§ **PROBLEM STATEMENT**:
Work through the records below and copy every line that includes "Vintage".

##############################

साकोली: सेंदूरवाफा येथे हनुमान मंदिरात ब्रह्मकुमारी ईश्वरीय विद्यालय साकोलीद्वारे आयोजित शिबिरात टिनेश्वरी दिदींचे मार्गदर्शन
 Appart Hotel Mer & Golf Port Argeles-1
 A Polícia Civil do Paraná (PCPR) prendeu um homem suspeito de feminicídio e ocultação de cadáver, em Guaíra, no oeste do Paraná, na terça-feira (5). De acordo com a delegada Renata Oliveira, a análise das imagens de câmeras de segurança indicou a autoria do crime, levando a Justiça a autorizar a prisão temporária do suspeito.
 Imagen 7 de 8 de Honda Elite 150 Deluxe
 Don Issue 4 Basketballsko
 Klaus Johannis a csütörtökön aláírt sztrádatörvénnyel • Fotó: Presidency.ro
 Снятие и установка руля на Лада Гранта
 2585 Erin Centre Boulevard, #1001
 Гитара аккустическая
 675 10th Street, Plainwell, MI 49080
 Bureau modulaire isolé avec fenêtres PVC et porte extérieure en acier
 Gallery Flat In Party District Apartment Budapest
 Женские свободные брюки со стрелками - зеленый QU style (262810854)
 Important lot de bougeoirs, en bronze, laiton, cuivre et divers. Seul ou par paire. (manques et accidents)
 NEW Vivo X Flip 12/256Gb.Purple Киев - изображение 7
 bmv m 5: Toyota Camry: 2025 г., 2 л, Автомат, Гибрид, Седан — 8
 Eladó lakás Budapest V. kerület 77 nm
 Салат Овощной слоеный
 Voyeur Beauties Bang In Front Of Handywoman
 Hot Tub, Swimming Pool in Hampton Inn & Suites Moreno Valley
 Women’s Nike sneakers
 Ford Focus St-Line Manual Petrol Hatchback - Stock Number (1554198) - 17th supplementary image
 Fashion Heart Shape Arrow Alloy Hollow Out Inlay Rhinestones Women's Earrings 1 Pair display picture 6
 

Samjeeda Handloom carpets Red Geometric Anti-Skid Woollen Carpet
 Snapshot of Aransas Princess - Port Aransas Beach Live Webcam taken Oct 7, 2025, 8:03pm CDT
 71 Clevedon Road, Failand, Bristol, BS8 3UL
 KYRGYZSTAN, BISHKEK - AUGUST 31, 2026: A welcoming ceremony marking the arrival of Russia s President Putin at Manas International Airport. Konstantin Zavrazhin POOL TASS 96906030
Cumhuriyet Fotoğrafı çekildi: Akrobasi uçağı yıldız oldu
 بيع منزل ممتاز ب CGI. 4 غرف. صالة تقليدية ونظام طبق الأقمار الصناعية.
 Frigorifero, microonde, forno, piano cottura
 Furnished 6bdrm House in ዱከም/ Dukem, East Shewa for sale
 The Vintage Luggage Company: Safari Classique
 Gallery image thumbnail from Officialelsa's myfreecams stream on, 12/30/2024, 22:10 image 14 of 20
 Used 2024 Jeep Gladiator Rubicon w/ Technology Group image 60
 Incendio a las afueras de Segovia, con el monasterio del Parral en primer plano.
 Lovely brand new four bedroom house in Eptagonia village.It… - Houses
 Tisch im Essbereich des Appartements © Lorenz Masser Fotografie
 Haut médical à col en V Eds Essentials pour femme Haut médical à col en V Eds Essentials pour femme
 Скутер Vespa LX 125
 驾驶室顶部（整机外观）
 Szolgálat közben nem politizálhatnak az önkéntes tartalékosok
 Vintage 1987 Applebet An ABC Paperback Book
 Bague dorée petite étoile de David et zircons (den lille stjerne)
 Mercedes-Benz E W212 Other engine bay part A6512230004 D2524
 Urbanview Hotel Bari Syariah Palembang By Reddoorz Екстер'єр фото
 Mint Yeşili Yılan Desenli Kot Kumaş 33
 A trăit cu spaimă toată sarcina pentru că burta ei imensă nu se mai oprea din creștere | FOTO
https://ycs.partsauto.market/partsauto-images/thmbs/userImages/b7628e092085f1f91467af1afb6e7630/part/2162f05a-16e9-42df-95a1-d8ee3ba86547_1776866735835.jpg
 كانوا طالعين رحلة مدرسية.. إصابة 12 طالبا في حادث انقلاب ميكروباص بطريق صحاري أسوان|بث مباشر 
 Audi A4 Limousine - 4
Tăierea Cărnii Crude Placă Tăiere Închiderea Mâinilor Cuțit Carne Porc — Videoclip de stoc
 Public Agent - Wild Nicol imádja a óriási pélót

##############################

§ **REPLY**:
 The Vintage Luggage Company: Safari Classique
 Vintage 1987 Applebet An ABC Paperback Book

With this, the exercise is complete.